The Quaker expression of this radical expression of Truth was first offered by George Fox in England in the 17th century. George Fox was born in Leicestershire in 1624, the son of a reasonably prosperous weaver and an intensely religious mother. A serious, introspective, physically powerful youth, he was early drawn to religious concerns and was genuinely shocked by the failure of the “professors”, that is, professing Christians, to live their beliefs.

At 19, he left home on a spiritual quest, during which he sought out and challenged the religious leaders everywhere to answer his questions. Nowhere did he find satisfaction, until in 1647, having “forsaken all the priests” and in despair, he heard a voice which said, “There is one, even Christ Jesus, that can speak to thy condition.” The direct experience changed his life, his religious conceptions, and his view of the human-Divine relationship. He devoted the rest of his life to sharing his new understandings.

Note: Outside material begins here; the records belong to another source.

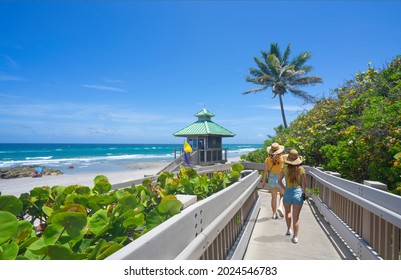 Women walking on boardwalk to beautiful Florida beach. Girls on summer vacation in Florida. Red Reef Park, Boca Raton, Florida USA.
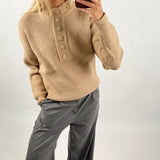 Person iført beige striktrøje med store knapper, tager et spejl-selfie med smartphone. Personen har grå bukser på og en ring på fingeren. Baggrunden er enkel og lys.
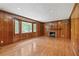 Bright living room boasts hardwood floors, a fireplace, and large bay windows providing ample natural light at 357 W Hightower Trl, Social Circle, GA 30025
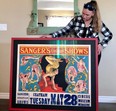 Meredith Smith is shown with a framed circus poster after restoration. (Supplied)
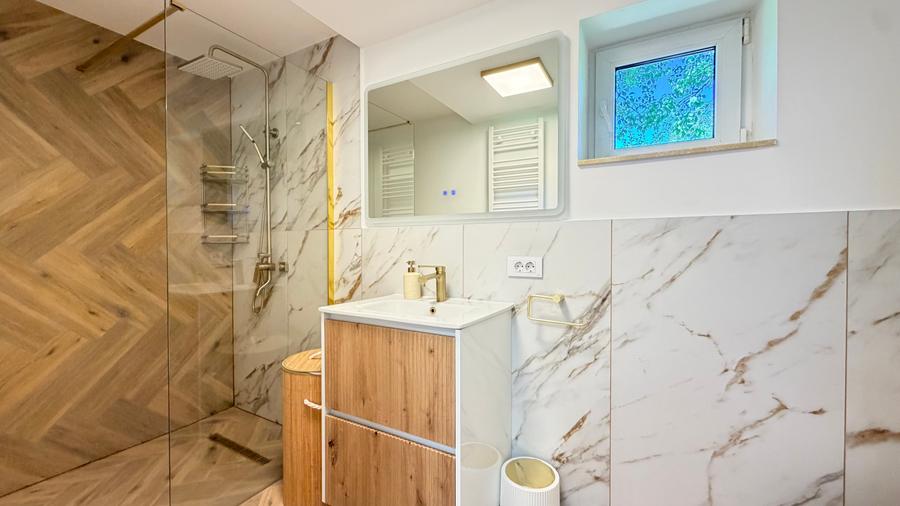 Casă individuală cu 2 camere cu Teren 550 Mp în Podu Oltului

He was imprisoned eight times. He suffered cruel beatings, great strain and deprivation. And he proved a true religious genius, an heroic and indomitable figure whose journal and other writings continue to be basic works of the Religious Society of Friends, whose founder he is generally conceded to be. He knew the Bible so well that about 75 percent of his writing is biblical allusion. He never intended to found a new sect. He believed his discovery was universal that he had rediscovered primitive Christianity, and its embrace went far beyond the institutional limits of the Christian Church, which in its 17th century condition he regarded as apostate.

In briefest summary, the principles at which he arrived included the following:

  • That God is directly accessible to all persons without the need of an intermediary priest or ritual;
  • That there is in all persons an in-dwelling Seed or Christ or Light (he used all these metaphors) which is of God and which, if they will but heed it, will guide them and shape their lives in accordance with the will of God;
  • That true religion cannot be learned from books or set prayers, words, or rituals, which Fox called “empty forms,” but comes only from direct experiences of God, known through the Seed or Christ or Light within;
  • That Scriptures can be understood only as one enters into the Spirit which gave them forth;
  • That there is an ocean of darkness and death—of sin and misery—over the world but also an ocean of light and of love, which flows over the ocean of darkness, revealing the infinite love of God; and
  • That the power and love of God are over all, erasing the artificial division between the secular and religious so that all of life, when lived in the Spirit, becomes sacramental. The traditional outward sacraments, again characterized as empty forms, are to be discarded in favor of the spiritual reality they symbolize.